К Лейле, после того как состоялось их знакомство, Эгон обращался не впервые. Он успел по-своему проверить ее, а она – его. Лучшие рекомендации были им получены и от туркменского друга Яхьяева.
– Вы мне все-все рассказали? – спросила Лейла, когда Ривс поведал ей историю об арестах и пытках.
Ривс только брови вскинул. Они образовали русскую букву «Л».
– У вас на лбу линия судьбы, Эгон. Я по ней читаю, не удивляйтесь. В прошлых жизнях я бывала гадалкой.
Ривс удержался от того, чтобы выяснить, как же она догадалась, хотя непраздное любопытство терзало его. Ведь Ривс поделился с девушкой лишь частью того рассказа, который услышал от своего источника. Про акции он рассказывать не стал. Только про аресты.
Но еще больше ему хотелось поглядеть на себя в зеркало. Что там за линия судьбы у него нарисовалась?
– Я помогу вам. Но не даром. Я корыстна.
– Вы?
– Я корыстна, как всякая женщина вблизи мужчины.
– В чем же корысть? Вы же знаете наши правила!

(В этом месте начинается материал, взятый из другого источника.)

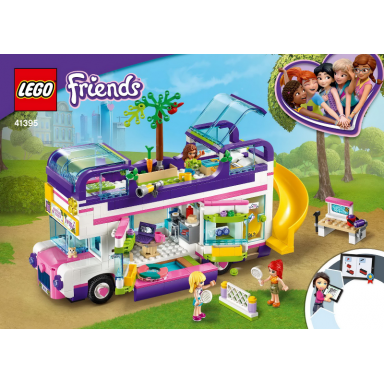 friendship bus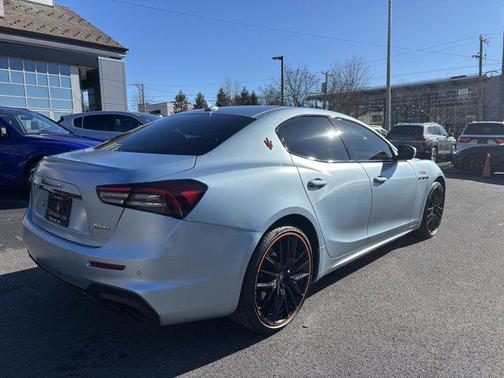 2023 Maserati Ghibli F Tributo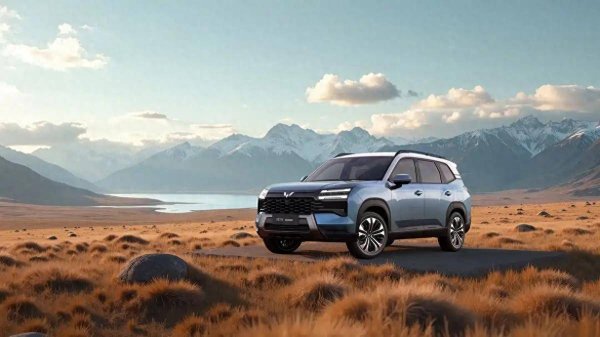 配资股票平台 五菱造了台“丰田RAV4”，5/7座皆可选，提供3种动力，造型很硬派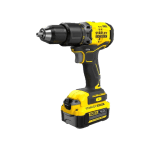 Masina de gaurit cu percutie cu 2 acumulatori Stanley SFMCD715M2K 1 Masina de gaurit cu percutie cu 2 acumulatori Stanley SFMCD715M2K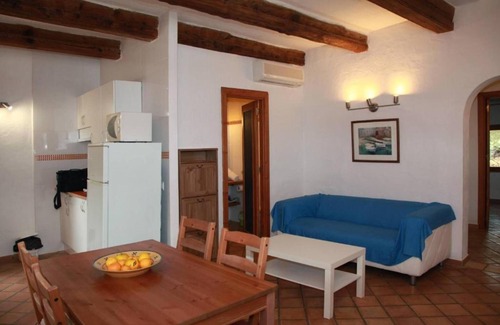 Son Antem Apartment | Holiday Apartment with Mountain View & Shared Pool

– Очень просто. Послезавтра вы приходите на прием в турецкое посольство и обязуетесь не подпускать ко мне… – Лейла начала загибать пальчики: – Торгпреда болгарского, посланника итальянского, консулов германского и свейского… Особенно итальянского… А еще, если будет турецкое танго, вы приглашаете меня. И только.
Ривс, трезвый Ривс ушел с приема с чувством, словно он опьянен, словно он бежит навстречу пряному ветру и что-то свежее ждет его впереди. При этом его ни на секунду не покидали мысли о людях, мучимых в заплесневелых застенках.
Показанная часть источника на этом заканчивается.